::: Data to use

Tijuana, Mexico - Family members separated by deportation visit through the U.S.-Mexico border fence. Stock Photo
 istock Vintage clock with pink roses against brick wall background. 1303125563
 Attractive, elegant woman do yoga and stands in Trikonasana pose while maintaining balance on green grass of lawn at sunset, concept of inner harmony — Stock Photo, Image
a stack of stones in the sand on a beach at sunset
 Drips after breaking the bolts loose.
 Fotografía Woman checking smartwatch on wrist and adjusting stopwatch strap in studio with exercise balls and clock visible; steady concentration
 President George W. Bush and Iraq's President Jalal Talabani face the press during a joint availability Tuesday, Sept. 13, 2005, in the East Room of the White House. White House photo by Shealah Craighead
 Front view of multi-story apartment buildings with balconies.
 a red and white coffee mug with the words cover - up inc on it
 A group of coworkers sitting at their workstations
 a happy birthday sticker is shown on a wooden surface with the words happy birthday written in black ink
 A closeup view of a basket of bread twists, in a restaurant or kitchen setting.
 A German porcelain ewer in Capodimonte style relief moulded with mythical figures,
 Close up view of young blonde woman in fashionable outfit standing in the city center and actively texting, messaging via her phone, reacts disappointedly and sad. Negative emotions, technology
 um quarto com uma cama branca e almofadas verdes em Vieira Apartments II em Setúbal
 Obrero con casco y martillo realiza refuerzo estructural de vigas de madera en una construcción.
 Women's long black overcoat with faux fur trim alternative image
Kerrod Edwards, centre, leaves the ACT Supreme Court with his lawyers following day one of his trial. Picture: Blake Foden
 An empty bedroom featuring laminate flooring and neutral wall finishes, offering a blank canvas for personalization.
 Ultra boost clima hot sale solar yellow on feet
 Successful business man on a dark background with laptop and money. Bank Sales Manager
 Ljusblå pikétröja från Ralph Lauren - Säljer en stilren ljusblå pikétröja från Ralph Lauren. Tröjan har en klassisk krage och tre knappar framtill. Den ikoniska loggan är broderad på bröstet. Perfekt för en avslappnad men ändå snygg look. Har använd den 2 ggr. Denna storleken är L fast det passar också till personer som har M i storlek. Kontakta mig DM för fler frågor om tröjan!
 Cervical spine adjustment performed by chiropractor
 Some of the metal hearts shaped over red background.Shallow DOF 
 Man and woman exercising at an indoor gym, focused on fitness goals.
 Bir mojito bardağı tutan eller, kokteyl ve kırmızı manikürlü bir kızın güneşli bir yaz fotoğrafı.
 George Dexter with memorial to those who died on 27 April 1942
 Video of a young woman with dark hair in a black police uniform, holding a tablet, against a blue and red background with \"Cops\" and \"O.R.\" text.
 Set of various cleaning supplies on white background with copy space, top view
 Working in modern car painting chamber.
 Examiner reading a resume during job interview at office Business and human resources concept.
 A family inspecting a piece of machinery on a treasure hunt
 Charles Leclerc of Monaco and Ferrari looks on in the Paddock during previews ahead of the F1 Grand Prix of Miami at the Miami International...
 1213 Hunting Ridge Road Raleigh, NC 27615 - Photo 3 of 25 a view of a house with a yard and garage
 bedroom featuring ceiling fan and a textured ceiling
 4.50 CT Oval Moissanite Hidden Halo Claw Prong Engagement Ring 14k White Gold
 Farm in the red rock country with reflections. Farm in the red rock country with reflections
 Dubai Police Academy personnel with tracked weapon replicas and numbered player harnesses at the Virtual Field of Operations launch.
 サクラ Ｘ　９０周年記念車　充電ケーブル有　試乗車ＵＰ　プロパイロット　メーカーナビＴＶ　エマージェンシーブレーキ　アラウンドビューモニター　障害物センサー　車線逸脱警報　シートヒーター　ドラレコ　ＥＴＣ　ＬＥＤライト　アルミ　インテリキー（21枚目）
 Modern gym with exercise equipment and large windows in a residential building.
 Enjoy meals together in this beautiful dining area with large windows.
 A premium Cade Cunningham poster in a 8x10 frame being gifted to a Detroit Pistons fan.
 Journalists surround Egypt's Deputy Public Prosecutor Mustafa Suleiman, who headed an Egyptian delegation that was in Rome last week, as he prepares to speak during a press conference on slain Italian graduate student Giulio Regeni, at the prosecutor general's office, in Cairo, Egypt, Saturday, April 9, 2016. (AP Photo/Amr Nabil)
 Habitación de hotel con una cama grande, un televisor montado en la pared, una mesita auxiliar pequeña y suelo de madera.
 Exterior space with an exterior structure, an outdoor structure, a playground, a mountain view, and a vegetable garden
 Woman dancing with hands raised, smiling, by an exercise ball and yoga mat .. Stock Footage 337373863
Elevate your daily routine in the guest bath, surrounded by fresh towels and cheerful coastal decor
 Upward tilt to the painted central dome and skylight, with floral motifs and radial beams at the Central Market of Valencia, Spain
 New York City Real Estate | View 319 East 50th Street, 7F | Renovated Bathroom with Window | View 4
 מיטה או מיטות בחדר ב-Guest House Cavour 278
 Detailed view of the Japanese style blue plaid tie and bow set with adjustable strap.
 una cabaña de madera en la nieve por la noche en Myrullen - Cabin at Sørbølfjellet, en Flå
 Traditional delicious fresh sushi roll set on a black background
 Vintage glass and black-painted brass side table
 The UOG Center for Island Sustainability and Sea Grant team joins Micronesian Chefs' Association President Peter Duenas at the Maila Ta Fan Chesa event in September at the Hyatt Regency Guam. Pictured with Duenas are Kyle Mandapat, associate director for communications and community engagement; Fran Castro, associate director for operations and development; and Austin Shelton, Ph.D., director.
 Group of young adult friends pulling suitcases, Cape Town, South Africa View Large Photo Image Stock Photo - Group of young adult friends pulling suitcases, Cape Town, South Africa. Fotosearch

::::::

Exercise requirements:
The records need to be reproduced in their entirety, word for word.

Solution:
Tijuana, Mexico - Family members separated by deportation visit through the U.S.-Mexico border fence. Stock Photo
 istock Vintage clock with pink roses against brick wall background. 1303125563
 Attractive, elegant woman do yoga and stands in Trikonasana pose while maintaining balance on green grass of lawn at sunset, concept of inner harmony — Stock Photo, Image
a stack of stones in the sand on a beach at sunset
 Drips after breaking the bolts loose.
 Fotografía Woman checking smartwatch on wrist and adjusting stopwatch strap in studio with exercise balls and clock visible; steady concentration
 President George W. Bush and Iraq's President Jalal Talabani face the press during a joint availability Tuesday, Sept. 13, 2005, in the East Room of the White House. White House photo by Shealah Craighead
 Front view of multi-story apartment buildings with balconies.
 a red and white coffee mug with the words cover - up inc on it
 A group of coworkers sitting at their workstations
 a happy birthday sticker is shown on a wooden surface with the words happy birthday written in black ink
 A closeup view of a basket of bread twists, in a restaurant or kitchen setting.
 A German porcelain ewer in Capodimonte style relief moulded with mythical figures,
 Close up view of young blonde woman in fashionable outfit standing in the city center and actively texting, messaging via her phone, reacts disappointedly and sad. Negative emotions, technology
 um quarto com uma cama branca e almofadas verdes em Vieira Apartments II em Setúbal
 Obrero con casco y martillo realiza refuerzo estructural de vigas de madera en una construcción.
 Women's long black overcoat with faux fur trim alternative image
Kerrod Edwards, centre, leaves the ACT Supreme Court with his lawyers following day one of his trial. Picture: Blake Foden
 An empty bedroom featuring laminate flooring and neutral wall finishes, offering a blank canvas for personalization.
 Ultra boost clima hot sale solar yellow on feet
 Successful business man on a dark background with laptop and money. Bank Sales Manager
 Ljusblå pikétröja från Ralph Lauren - Säljer en stilren ljusblå pikétröja från Ralph Lauren. Tröjan har en klassisk krage och tre knappar framtill. Den ikoniska loggan är broderad på bröstet. Perfekt för en avslappnad men ändå snygg look. Har använd den 2 ggr. Denna storleken är L fast det passar också till personer som har M i storlek. Kontakta mig DM för fler frågor om tröjan!
 Cervical spine adjustment performed by chiropractor
 Some of the metal hearts shaped over red background.Shallow DOF 
 Man and woman exercising at an indoor gym, focused on fitness goals.
 Bir mojito bardağı tutan eller, kokteyl ve kırmızı manikürlü bir kızın güneşli bir yaz fotoğrafı.
 George Dexter with memorial to those who died on 27 April 1942
 Video of a young woman with dark hair in a black police uniform, holding a tablet, against a blue and red background with \"Cops\" and \"O.R.\" text.
 Set of various cleaning supplies on white background with copy space, top view
 Working in modern car painting chamber.
 Examiner reading a resume during job interview at office Business and human resources concept.
 A family inspecting a piece of machinery on a treasure hunt
 Charles Leclerc of Monaco and Ferrari looks on in the Paddock during previews ahead of the F1 Grand Prix of Miami at the Miami International...
 1213 Hunting Ridge Road Raleigh, NC 27615 - Photo 3 of 25 a view of a house with a yard and garage
 bedroom featuring ceiling fan and a textured ceiling
 4.50 CT Oval Moissanite Hidden Halo Claw Prong Engagement Ring 14k White Gold
 Farm in the red rock country with reflections. Farm in the red rock country with reflections
 Dubai Police Academy personnel with tracked weapon replicas and numbered player harnesses at the Virtual Field of Operations launch.
 サクラ Ｘ　９０周年記念車　充電ケーブル有　試乗車ＵＰ　プロパイロット　メーカーナビＴＶ　エマージェンシーブレーキ　アラウンドビューモニター　障害物センサー　車線逸脱警報　シートヒーター　ドラレコ　ＥＴＣ　ＬＥＤライト　アルミ　インテリキー（21枚目）
 Modern gym with exercise equipment and large windows in a residential building.
 Enjoy meals together in this beautiful dining area with large windows.
 A premium Cade Cunningham poster in a 8x10 frame being gifted to a Detroit Pistons fan.
 Journalists surround Egypt's Deputy Public Prosecutor Mustafa Suleiman, who headed an Egyptian delegation that was in Rome last week, as he prepares to speak during a press conference on slain Italian graduate student Giulio Regeni, at the prosecutor general's office, in Cairo, Egypt, Saturday, April 9, 2016. (AP Photo/Amr Nabil)
 Habitación de hotel con una cama grande, un televisor montado en la pared, una mesita auxiliar pequeña y suelo de madera.
 Exterior space with an exterior structure, an outdoor structure, a playground, a mountain view, and a vegetable garden
 Woman dancing with hands raised, smiling, by an exercise ball and yoga mat .. Stock Footage 337373863
Elevate your daily routine in the guest bath, surrounded by fresh towels and cheerful coastal decor
 Upward tilt to the painted central dome and skylight, with floral motifs and radial beams at the Central Market of Valencia, Spain
 New York City Real Estate | View 319 East 50th Street, 7F | Renovated Bathroom with Window | View 4
 מיטה או מיטות בחדר ב-Guest House Cavour 278
 Detailed view of the Japanese style blue plaid tie and bow set with adjustable strap.
 una cabaña de madera en la nieve por la noche en Myrullen - Cabin at Sørbølfjellet, en Flå
 Traditional delicious fresh sushi roll set on a black background
 Vintage glass and black-painted brass side table
 The UOG Center for Island Sustainability and Sea Grant team joins Micronesian Chefs' Association President Peter Duenas at the Maila Ta Fan Chesa event in September at the Hyatt Regency Guam. Pictured with Duenas are Kyle Mandapat, associate director for communications and community engagement; Fran Castro, associate director for operations and development; and Austin Shelton, Ph.D., director.
 Group of young adult friends pulling suitcases, Cape Town, South Africa View Large Photo Image Stock Photo - Group of young adult friends pulling suitcases, Cape Town, South Africa. Fotosearch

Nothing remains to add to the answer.